Echoing other assessments, the article concludes that OBOR — and, specifically, the project within OBOR known as the China-Pakistan Economic Corridor (CPEC), valued at up to $55 billion — would end up hurting India.

India’s former Foreign Secretary Kanwal Sibal contends that China is aware that it is wasting billions of dollars on Pakistan, which he describes as:

A politically unstable, terrorism-wracked country that needs financial bail-outs by the IMF [International Monetary Fund] or Arab donors and attracts little foreign investment, and, which, moreover, is bent on creating an unfavorable environment for itself by perpetuating conflictual relations with both its direct neighbors, it is for larger geo-political reasons, not economic gain alone.

Ultimately, the new “Silk Road” is a “ploy” for China to “solidify its grip over” Muslim-majority Kashmir, a Himalayan region claimed in part by China, Pakistan, and India, asserts Sibal.

China and Pakistan consider India their economic and military rival.

Angered that CPEC would run through the Pakistan-Occupied Kashmir (POK), India has refused to support the modern-day “Silk Road” project.

In an effort to appease New Delhi’s concerns, Bejing has reportedly proposed an additional corridor between India and China that Sibal argues would merely “supplement the CPEC, and not be an alternative to it.”

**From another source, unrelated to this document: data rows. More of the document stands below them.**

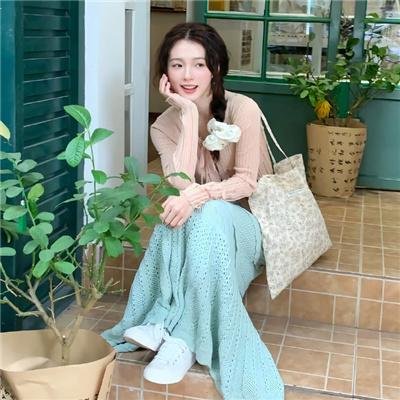 熊霸天下 封面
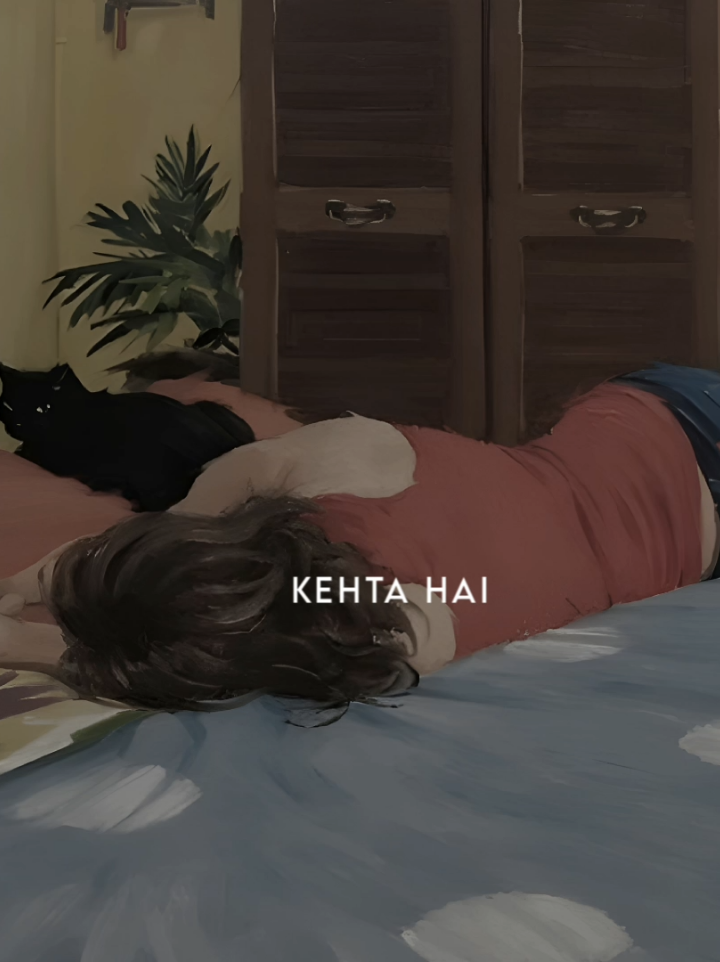 @𝐏𝐫𝐲𝐚𝐭𝐨 𝐱𝐚𝐤𝐢𝐫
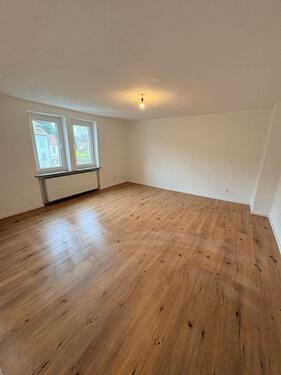 Foto - 1 Zimmer Etagenwohnung zur Miete in Neunkirchen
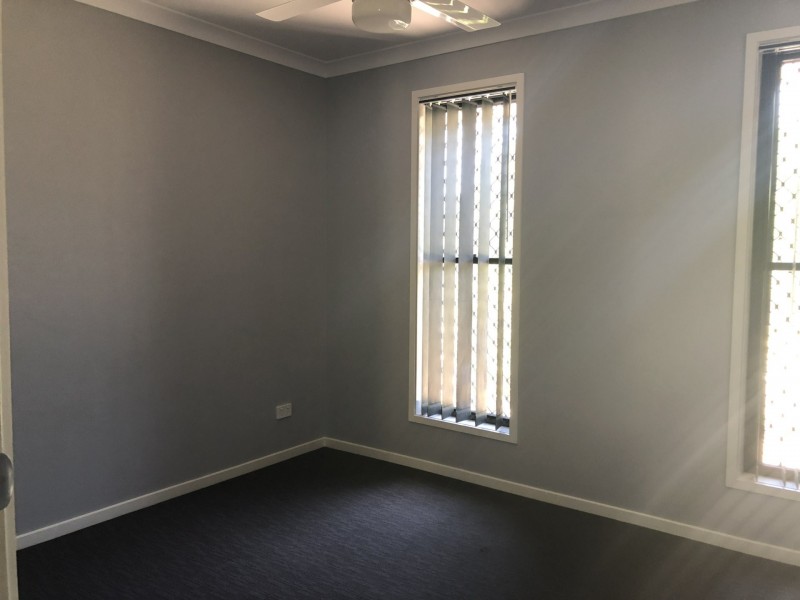 D’aguilar QLD 4514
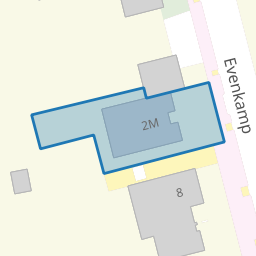 Perceel RMD00-C-7466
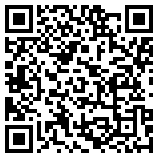 QR Code for Soundwave in KETCHUM, ID 83340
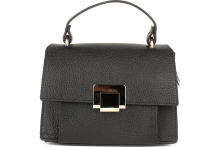 Bella Bertucci Сумка 00000015912 1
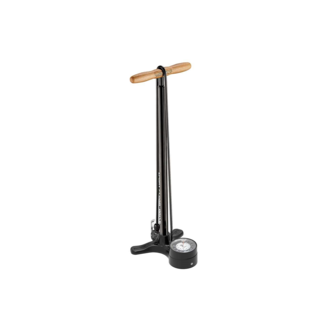 Lezyne Sport Floor Drive Pump Lezyne Sport Floor Drive Pump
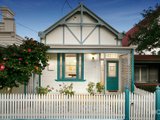 https://images.listonce.com.au/custom/160x/listings/44-clark-street-port-melbourne-vic-3207/156/01087156_img_01.jpg?_8zgtJ6T-Cg
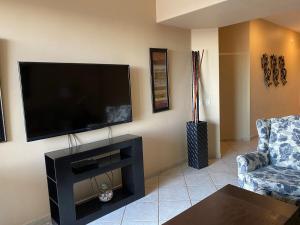 Condominio Diamante 104 Las Palomas Beach & Golf Resort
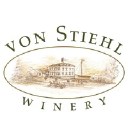 Von Stiehl Winery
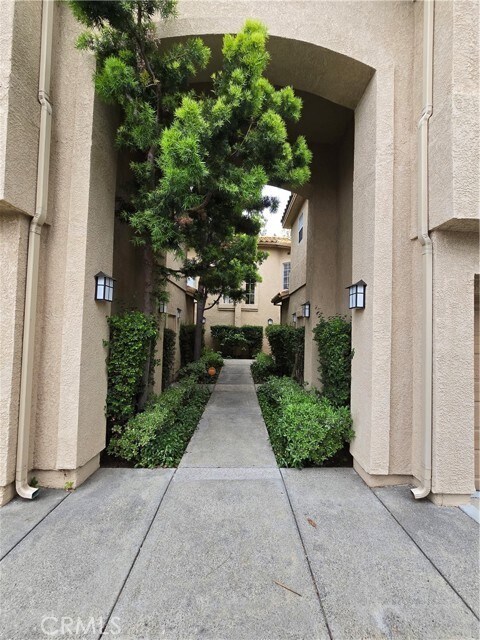Building Photo - 101 Night Heron Ln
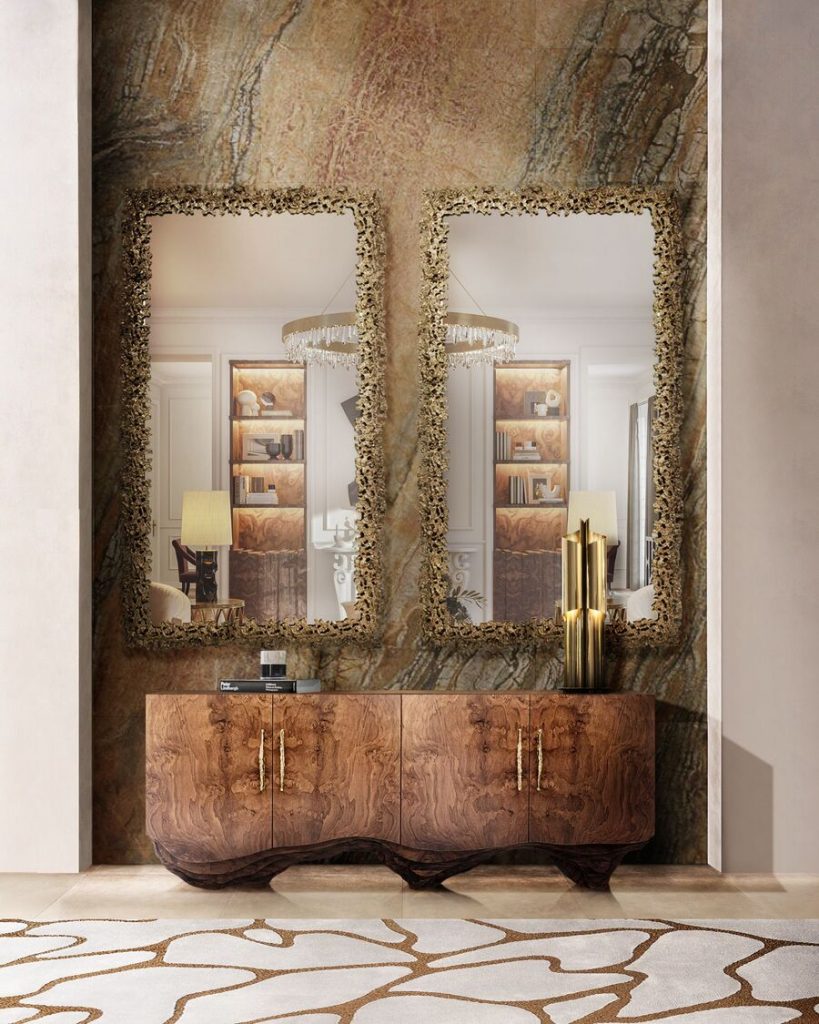 interior design trends in 2023 trends in 2023 Interior Design Trends in 2023 Interior Design Trends in 2023 1 819x1024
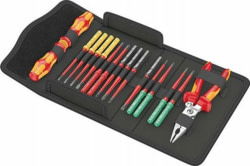 Wera Tools 05006612001 tootepilt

India’s former secretary dismisses China’s efforts to “re-name CPEC” as “sham diplomacy,” adding:

A cosmetic change in nomenclature will, however, make no difference on the ground as any corridor between China and Pakistan has to traverse parts of the erstwhile J&K [Jammu & Kashmir] state illegally occupied by Pakistan. This India cannot accept not only for legal reasons but also for what is a strategic move to encircle India in an area where China itself is involved in a territorial dispute with us.

China is drawing Pakistan deeply into its sphere of influence not only to continue using it as a weapon against India but also to challenge the already declining US presence and power on the Asian landmass.

China has long been exploiting the rivalry between India and Pakistan to ensure its goals in the South Asian region are accomplished, according to the U.S.-China Economic and Security Review Commission.

“This strategy aims to keep India so preoccupied with its western neighbor [Pakistan] that it will not have the ability to mount a serious challenge to China’s power and influence in Asia,” noted the commission last year.

The estimated $3 trillion OBOR project is also known as the Belt and Road Initiative (BRI).

Breitbart News explains, “China’s One Belt One Road (OBOR) project – consisting of the Silk Road Economic Belt, a land route to Europe, and the 21st-Century Maritime Silk Road, a sea route cutting from the Philippines to the Mediterranean – is a sprawling bureaucratic monstrosity the Chinese Communist Party (CPC) asserts will create a better-connected, wealthier global economy.”

“The Belt and Road Initiative, as it is sometimes also called, requires China to invest heavily in infrastructure and development across three continents to facilitate trade for China,” it adds.